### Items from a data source
● ● ● ●

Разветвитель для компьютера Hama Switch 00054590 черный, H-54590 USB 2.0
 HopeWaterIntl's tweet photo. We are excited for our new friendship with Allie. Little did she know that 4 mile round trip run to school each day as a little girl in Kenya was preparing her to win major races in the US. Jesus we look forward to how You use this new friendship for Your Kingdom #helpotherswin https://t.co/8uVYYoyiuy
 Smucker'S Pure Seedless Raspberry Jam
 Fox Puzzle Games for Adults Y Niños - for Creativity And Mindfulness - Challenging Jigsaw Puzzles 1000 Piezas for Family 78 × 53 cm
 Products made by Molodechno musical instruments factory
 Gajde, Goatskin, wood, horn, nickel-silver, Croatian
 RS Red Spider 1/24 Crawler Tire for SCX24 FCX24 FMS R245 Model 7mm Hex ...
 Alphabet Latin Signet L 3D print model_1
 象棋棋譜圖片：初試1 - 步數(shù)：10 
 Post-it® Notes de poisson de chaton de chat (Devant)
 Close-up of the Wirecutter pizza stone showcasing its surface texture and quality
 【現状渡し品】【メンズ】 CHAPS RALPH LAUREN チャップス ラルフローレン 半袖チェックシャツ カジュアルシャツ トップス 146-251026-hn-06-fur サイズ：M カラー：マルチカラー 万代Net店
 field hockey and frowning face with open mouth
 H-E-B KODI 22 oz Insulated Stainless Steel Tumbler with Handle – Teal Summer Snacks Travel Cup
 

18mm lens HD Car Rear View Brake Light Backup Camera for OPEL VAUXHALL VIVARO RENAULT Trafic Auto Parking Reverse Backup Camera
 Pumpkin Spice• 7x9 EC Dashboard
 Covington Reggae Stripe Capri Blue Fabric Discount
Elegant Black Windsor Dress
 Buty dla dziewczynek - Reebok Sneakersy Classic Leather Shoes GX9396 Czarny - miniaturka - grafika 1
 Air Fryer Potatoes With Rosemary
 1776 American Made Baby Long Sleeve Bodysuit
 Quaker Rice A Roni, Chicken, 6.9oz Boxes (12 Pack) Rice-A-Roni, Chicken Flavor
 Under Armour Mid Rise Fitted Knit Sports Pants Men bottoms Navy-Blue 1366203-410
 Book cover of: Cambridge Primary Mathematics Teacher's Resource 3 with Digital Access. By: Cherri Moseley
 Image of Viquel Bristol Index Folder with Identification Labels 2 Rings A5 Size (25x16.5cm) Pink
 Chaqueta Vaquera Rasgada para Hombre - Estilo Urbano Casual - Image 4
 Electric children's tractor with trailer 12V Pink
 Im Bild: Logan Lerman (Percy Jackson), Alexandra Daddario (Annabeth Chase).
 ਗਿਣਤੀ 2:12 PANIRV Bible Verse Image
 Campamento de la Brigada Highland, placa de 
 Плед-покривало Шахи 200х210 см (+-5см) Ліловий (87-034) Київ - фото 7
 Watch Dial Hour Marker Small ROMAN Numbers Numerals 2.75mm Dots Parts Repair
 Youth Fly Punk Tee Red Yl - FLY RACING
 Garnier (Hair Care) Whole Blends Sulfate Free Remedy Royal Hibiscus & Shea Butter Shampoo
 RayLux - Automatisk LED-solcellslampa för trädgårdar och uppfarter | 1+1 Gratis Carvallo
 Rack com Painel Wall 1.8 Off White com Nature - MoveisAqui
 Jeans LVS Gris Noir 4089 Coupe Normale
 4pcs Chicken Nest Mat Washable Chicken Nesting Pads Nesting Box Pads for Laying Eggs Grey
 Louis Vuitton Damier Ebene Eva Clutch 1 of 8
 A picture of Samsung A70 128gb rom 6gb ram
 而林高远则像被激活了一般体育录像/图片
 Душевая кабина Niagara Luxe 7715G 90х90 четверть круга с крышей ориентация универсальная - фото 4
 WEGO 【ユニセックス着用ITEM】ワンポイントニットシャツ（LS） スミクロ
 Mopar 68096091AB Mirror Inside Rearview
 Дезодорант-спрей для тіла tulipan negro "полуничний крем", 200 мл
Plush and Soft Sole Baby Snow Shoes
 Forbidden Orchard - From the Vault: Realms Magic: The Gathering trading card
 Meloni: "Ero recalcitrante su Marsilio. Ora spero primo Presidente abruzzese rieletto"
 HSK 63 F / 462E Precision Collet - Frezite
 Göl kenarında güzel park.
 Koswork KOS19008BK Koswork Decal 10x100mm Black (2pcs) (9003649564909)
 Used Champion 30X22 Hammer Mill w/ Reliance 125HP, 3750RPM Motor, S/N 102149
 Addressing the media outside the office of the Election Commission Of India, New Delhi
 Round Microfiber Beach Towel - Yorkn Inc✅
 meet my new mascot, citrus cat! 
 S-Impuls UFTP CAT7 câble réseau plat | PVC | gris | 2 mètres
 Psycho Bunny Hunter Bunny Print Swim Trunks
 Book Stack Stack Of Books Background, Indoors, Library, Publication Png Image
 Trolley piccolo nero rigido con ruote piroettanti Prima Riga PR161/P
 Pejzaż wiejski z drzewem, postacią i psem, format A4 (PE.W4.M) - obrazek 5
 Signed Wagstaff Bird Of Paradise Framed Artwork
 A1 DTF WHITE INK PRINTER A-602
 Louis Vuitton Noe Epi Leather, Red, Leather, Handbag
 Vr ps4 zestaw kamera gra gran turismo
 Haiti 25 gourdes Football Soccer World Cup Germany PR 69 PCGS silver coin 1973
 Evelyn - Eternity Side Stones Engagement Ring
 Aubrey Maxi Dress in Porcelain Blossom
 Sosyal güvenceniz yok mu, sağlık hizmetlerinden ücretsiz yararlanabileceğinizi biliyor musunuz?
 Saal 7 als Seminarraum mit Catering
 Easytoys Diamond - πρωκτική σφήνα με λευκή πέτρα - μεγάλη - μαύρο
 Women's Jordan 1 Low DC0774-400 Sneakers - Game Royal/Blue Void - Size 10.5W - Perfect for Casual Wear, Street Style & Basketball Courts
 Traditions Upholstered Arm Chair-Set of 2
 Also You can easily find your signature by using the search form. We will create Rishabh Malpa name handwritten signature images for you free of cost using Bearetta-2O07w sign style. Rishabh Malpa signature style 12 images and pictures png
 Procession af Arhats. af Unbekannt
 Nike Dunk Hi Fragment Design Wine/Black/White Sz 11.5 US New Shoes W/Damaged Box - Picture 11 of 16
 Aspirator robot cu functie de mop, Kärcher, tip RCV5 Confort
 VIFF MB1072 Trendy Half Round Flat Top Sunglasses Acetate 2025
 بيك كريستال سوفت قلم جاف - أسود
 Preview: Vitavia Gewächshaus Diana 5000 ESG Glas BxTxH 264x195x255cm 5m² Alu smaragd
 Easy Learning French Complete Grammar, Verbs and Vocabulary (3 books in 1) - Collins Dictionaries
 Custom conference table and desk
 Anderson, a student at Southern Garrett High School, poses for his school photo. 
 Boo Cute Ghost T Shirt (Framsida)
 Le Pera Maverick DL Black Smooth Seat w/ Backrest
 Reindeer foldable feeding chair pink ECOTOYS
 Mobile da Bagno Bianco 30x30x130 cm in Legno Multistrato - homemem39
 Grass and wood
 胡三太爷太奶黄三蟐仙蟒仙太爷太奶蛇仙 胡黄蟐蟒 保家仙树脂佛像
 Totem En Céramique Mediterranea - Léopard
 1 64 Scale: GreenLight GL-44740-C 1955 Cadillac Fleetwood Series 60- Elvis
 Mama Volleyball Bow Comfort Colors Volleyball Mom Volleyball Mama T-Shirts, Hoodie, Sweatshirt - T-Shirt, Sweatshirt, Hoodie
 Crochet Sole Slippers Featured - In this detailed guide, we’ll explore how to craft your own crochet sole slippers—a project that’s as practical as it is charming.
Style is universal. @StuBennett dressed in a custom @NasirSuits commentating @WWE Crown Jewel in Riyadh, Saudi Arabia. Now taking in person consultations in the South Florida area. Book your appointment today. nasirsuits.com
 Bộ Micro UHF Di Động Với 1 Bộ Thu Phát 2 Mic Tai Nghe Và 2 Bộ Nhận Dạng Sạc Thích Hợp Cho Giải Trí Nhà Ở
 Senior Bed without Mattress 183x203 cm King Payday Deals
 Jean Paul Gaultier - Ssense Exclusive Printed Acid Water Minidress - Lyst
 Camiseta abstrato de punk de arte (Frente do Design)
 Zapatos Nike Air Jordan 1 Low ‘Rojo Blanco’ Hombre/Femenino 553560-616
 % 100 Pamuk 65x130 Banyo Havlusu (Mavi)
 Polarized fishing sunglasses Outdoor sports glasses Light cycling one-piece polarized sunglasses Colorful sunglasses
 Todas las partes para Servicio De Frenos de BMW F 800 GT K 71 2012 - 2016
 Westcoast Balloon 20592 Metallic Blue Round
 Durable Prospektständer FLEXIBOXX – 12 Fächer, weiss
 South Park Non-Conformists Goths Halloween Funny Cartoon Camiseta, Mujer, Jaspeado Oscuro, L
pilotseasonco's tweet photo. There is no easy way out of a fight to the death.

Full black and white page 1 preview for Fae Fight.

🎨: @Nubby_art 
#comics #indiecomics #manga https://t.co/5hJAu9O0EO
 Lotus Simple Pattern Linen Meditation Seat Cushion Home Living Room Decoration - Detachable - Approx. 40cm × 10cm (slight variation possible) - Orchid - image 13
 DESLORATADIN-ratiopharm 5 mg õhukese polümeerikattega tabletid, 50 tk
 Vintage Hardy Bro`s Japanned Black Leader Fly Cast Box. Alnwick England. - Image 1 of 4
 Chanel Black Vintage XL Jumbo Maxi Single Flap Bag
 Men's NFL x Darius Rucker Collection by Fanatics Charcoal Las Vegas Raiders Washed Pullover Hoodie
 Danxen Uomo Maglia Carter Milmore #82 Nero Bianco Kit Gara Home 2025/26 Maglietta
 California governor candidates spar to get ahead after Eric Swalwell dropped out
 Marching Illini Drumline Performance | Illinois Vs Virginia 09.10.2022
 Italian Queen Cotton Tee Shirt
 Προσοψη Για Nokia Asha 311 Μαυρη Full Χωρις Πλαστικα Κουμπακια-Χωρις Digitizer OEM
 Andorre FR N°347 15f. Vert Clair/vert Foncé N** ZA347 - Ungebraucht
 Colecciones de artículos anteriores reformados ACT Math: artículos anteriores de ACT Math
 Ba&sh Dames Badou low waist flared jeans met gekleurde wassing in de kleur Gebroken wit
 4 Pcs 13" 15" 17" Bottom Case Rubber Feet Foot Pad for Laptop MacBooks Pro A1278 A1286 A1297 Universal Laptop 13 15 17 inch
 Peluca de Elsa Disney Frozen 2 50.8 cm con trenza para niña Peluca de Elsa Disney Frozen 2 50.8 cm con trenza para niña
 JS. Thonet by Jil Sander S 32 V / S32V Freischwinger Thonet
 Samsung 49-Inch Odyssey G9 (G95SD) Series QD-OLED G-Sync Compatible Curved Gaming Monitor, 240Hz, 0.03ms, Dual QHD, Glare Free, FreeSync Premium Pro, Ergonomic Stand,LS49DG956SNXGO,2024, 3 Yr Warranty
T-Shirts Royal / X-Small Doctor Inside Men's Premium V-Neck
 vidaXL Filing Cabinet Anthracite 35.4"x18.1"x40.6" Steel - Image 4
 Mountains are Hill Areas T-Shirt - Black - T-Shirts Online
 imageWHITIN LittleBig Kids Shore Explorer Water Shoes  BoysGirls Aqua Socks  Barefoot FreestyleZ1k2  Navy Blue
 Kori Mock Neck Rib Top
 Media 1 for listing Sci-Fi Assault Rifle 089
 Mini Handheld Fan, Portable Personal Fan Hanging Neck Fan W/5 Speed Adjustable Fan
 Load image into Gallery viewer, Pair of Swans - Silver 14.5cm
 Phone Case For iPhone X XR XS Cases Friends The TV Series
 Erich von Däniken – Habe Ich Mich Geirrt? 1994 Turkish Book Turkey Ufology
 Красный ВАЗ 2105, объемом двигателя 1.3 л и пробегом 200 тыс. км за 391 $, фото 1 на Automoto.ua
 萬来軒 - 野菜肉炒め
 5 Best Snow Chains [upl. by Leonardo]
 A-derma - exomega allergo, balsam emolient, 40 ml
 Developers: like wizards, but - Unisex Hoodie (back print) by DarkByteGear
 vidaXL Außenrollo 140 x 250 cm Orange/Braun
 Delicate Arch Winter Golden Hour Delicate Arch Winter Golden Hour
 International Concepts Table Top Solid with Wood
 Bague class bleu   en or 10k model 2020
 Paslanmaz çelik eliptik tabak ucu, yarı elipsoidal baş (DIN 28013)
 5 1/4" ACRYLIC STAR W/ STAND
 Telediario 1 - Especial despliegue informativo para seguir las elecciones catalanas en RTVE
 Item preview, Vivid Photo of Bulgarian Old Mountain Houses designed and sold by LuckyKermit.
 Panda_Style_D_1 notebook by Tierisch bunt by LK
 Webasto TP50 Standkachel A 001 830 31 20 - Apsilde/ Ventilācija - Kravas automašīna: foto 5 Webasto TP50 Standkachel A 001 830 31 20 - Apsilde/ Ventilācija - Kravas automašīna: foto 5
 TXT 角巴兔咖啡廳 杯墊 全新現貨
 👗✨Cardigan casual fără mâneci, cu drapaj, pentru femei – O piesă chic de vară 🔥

● ● ● ●

### WORK INSTRUCTION
Across the data above, how many lines include the word "Series"? Give only the number.

### ANSWER FOR THIS EXERCISE
3